Brad Blickstein is an expert on the legal industry and legal operations. He is principal at Blickstein Group and publisher of the Annual Law Department Operations Survey, which provides insights into the legal operations business. We talked to Brad about his recent induction as a fellow in the College of Law Practice Management (COLPM).
Can you talk a little about what the Blickstein Group does and how you came to be a fellow in the College of Law Practice Management?
Blickstein Group is a research and advisory firm, which consults with a number of firms and legal service providers. Since 2008, we have also published the Annual Law Department Operations (LDO) survey, which has really become the seminal research piece on the legal operations field as it has developed and grown. We also have a new Legal AI Efficacy Report, which investigates the specific problems AI-powered legal tools are designed to solve and how effective they actually are in solving them.
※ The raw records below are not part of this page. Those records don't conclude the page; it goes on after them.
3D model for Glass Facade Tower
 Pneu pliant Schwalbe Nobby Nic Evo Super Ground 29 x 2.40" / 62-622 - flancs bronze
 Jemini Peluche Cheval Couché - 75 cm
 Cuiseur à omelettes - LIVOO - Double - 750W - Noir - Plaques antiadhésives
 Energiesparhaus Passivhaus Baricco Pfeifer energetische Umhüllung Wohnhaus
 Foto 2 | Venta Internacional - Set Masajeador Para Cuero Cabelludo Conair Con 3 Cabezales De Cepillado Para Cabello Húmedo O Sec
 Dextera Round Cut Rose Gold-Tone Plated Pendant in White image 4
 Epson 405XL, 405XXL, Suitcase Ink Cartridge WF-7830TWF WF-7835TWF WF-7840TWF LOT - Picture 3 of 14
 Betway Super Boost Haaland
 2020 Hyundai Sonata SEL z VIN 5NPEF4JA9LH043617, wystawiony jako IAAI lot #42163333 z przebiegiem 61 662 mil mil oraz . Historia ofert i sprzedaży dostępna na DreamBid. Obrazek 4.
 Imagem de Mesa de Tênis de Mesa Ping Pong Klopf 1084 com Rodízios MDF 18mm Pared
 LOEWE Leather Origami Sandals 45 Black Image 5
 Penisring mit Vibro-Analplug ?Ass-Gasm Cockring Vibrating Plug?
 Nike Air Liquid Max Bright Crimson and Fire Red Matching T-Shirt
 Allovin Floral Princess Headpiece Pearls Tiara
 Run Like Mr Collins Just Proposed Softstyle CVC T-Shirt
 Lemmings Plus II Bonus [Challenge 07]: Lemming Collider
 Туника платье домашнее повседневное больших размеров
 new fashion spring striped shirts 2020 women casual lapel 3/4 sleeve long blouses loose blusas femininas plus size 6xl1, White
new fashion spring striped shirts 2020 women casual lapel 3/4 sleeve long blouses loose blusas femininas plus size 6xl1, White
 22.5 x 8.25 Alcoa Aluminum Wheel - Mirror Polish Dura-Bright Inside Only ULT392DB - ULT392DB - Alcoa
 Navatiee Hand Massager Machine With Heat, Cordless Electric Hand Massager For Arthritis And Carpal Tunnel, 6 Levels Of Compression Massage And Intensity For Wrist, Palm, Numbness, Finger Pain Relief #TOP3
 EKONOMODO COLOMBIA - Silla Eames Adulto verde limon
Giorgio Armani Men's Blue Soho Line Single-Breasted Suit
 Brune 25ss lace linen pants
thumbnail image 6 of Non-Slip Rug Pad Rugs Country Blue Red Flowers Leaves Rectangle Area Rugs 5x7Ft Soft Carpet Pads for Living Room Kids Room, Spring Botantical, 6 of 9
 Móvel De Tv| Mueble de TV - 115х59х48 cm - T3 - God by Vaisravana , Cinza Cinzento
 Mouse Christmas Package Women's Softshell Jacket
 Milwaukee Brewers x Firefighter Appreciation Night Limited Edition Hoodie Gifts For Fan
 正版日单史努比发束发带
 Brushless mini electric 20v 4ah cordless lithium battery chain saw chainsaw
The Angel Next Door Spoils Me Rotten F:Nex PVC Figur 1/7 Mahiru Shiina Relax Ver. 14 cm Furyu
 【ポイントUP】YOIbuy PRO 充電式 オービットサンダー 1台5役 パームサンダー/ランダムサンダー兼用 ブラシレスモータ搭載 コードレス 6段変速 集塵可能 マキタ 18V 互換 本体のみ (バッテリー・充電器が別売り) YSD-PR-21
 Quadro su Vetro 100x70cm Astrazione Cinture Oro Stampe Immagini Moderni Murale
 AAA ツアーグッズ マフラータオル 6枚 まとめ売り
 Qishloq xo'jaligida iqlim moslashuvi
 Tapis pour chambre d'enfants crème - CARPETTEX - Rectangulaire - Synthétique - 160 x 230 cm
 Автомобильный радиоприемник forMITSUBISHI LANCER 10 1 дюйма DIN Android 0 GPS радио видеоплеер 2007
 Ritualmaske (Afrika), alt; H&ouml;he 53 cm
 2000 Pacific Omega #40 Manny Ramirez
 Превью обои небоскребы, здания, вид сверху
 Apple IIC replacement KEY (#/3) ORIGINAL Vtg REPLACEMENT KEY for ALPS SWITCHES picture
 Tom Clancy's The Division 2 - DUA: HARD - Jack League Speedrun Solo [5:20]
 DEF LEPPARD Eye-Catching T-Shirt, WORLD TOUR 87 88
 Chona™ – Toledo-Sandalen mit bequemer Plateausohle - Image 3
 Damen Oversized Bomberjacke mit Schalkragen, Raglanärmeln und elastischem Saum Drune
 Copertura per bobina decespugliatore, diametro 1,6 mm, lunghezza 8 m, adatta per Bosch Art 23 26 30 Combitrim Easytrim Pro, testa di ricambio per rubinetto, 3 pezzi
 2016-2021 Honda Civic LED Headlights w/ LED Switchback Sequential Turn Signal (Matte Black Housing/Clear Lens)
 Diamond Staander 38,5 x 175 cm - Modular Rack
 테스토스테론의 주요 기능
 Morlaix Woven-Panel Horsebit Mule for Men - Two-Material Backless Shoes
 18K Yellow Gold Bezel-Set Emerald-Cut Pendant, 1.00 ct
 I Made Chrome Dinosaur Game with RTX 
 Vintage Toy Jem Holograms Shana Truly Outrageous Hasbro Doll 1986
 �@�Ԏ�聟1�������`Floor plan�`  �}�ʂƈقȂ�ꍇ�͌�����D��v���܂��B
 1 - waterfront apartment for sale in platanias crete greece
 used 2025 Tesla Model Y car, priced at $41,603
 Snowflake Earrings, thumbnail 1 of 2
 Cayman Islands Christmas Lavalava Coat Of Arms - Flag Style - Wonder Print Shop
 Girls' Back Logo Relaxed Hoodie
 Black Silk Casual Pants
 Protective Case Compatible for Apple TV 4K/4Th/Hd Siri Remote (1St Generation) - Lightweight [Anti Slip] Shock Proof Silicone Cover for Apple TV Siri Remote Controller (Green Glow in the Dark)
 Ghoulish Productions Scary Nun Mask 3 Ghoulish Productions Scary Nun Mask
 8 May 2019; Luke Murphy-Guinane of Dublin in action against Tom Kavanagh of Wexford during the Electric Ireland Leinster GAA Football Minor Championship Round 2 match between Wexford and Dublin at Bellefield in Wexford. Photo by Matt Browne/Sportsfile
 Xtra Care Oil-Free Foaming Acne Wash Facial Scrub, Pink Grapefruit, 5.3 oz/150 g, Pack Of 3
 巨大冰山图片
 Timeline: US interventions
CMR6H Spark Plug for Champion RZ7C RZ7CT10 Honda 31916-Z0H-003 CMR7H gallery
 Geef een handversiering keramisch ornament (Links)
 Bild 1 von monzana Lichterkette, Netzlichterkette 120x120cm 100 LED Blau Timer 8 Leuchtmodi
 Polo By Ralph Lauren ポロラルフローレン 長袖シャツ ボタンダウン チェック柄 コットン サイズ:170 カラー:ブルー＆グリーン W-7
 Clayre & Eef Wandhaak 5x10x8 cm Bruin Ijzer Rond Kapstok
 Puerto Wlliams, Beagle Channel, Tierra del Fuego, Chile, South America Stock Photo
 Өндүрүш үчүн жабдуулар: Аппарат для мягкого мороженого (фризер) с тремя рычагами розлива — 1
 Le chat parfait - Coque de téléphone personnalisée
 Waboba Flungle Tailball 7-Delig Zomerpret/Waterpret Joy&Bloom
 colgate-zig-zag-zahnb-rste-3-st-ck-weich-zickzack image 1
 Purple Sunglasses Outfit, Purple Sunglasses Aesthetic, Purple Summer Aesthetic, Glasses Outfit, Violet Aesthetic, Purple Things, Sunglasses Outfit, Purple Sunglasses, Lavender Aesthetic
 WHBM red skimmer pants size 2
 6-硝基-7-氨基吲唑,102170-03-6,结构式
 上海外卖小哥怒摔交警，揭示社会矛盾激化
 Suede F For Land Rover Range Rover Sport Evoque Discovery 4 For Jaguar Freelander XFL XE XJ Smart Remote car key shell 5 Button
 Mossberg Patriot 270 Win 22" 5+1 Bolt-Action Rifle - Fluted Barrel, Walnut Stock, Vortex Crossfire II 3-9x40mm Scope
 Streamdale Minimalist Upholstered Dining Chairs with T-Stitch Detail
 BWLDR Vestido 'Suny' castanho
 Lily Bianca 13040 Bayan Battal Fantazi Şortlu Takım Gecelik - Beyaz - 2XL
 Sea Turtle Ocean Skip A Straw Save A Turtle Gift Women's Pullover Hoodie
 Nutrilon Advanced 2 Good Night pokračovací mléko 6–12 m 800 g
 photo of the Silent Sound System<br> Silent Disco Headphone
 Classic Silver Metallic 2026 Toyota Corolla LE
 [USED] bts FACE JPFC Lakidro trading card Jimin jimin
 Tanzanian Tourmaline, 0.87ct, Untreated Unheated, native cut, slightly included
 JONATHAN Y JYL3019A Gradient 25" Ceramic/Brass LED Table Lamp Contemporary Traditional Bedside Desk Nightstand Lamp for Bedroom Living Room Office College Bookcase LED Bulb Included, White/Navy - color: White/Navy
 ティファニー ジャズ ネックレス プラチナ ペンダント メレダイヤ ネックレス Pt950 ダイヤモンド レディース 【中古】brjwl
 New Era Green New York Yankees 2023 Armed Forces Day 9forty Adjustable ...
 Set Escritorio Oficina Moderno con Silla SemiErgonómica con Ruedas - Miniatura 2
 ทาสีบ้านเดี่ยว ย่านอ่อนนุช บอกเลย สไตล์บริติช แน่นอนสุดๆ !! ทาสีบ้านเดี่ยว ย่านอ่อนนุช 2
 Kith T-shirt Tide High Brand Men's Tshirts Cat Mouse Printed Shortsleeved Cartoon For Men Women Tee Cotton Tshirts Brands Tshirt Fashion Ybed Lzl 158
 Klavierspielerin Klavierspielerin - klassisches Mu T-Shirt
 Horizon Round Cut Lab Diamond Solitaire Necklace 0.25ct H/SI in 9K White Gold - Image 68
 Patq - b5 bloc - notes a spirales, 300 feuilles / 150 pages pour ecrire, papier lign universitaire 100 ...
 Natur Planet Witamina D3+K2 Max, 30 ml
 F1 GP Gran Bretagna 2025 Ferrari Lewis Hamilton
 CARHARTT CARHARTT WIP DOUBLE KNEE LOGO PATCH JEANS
My nomination to the COLPM emerged out of that work, plus I’m a co-founder of the Corporate Legal Times, a publication that has evolved to become Inside Counsel, now owned by ALM Media. It seems my work over the last 30 years has been reasonably innovative and meaningful to those working in the practice of law.
What excites you about being included in this year’s group of new fellows?
The COLPM has been around for about 20 years, and the membership is made up of people who are thought leaders and innovators, effecting change and improvement in the legal industry. I’m thrilled to be recognized alongside them.
I’m especially pleased to be inducted alongside some of this year’s new members. The organization no longer focuses mostly on law firms and now also includes more fellows from the in-house and legal ops side; several of this year’s inductees represent that added focus, and I’ve worked with many of them. For example, David Cambria is my partner in the LDO survey; Reese Arrowsmith and Vincent Cordo are on the LDO survey advisory board; Farrah Pepper is on the advisory board for the Legal AI Efficacy Report; Stephanie Corey is a well-known early advocate for the value of legal ops; Jason Barnwell is doing some amazing things at Microsoft; and Bob Taylor has Liberty Mutual on the bleeding edge. It’s exciting to become a member at the same time as these people.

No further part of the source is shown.